■ **Action item**: Only the lines from the one containing "Cree LED XLamp® CXB1304 LEDアレイ" to the end of the data below belong in the answer, each repeated exactly; no pictures.

■ **Supplied data**:
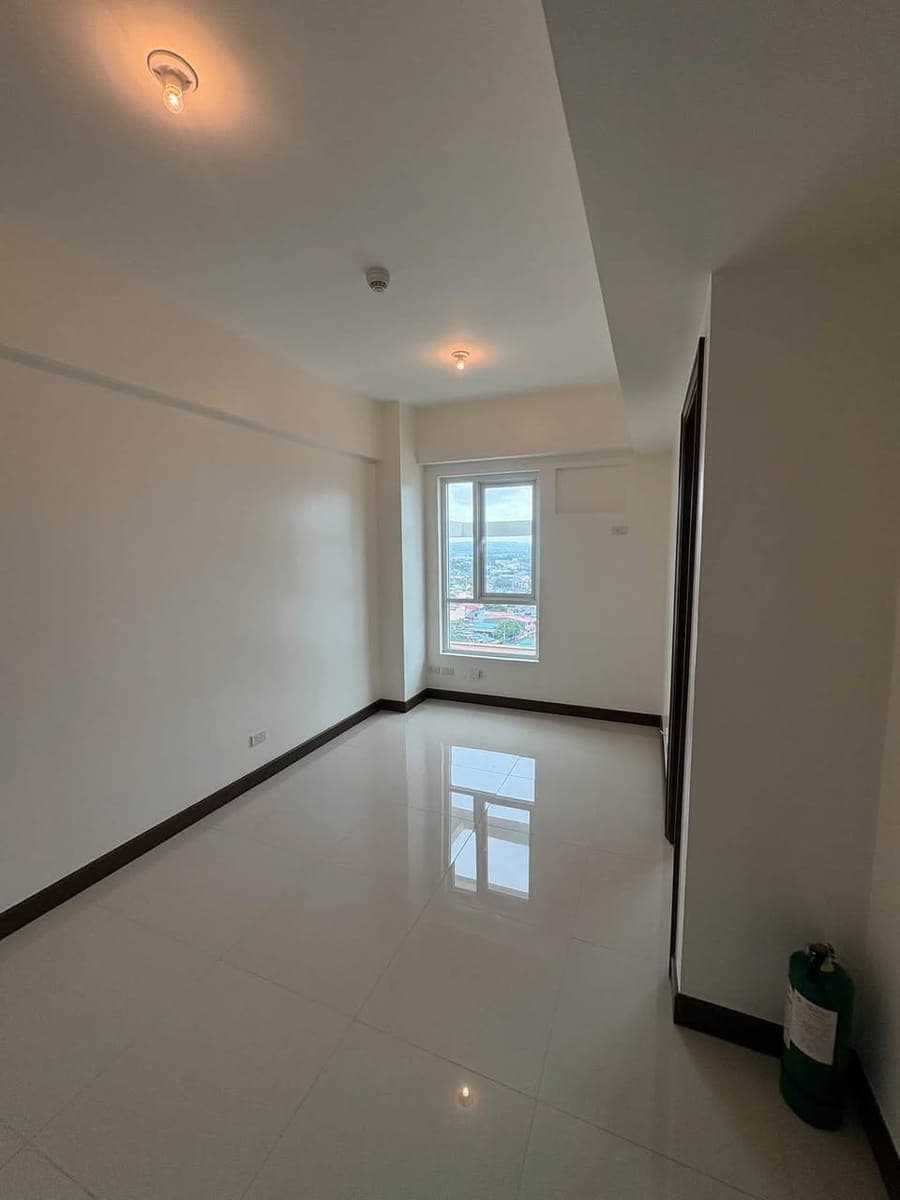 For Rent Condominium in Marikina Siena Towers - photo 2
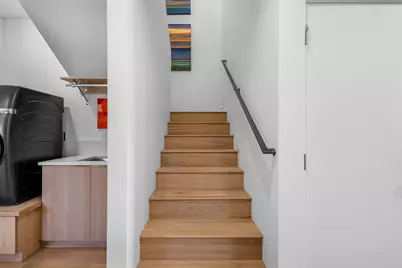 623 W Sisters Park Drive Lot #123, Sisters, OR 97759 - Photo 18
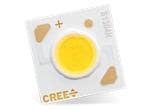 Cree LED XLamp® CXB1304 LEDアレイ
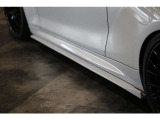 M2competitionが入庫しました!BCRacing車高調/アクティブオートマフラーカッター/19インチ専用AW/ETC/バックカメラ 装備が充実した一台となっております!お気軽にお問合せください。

■ **Result below**:
 Cree LED XLamp® CXB1304 LEDアレイ
 M2competitionが入庫しました!BCRacing車高調/アクティブオートマフラーカッター/19インチ専用AW/ETC/バックカメラ 装備が充実した一台となっております!お気軽にお問合せください。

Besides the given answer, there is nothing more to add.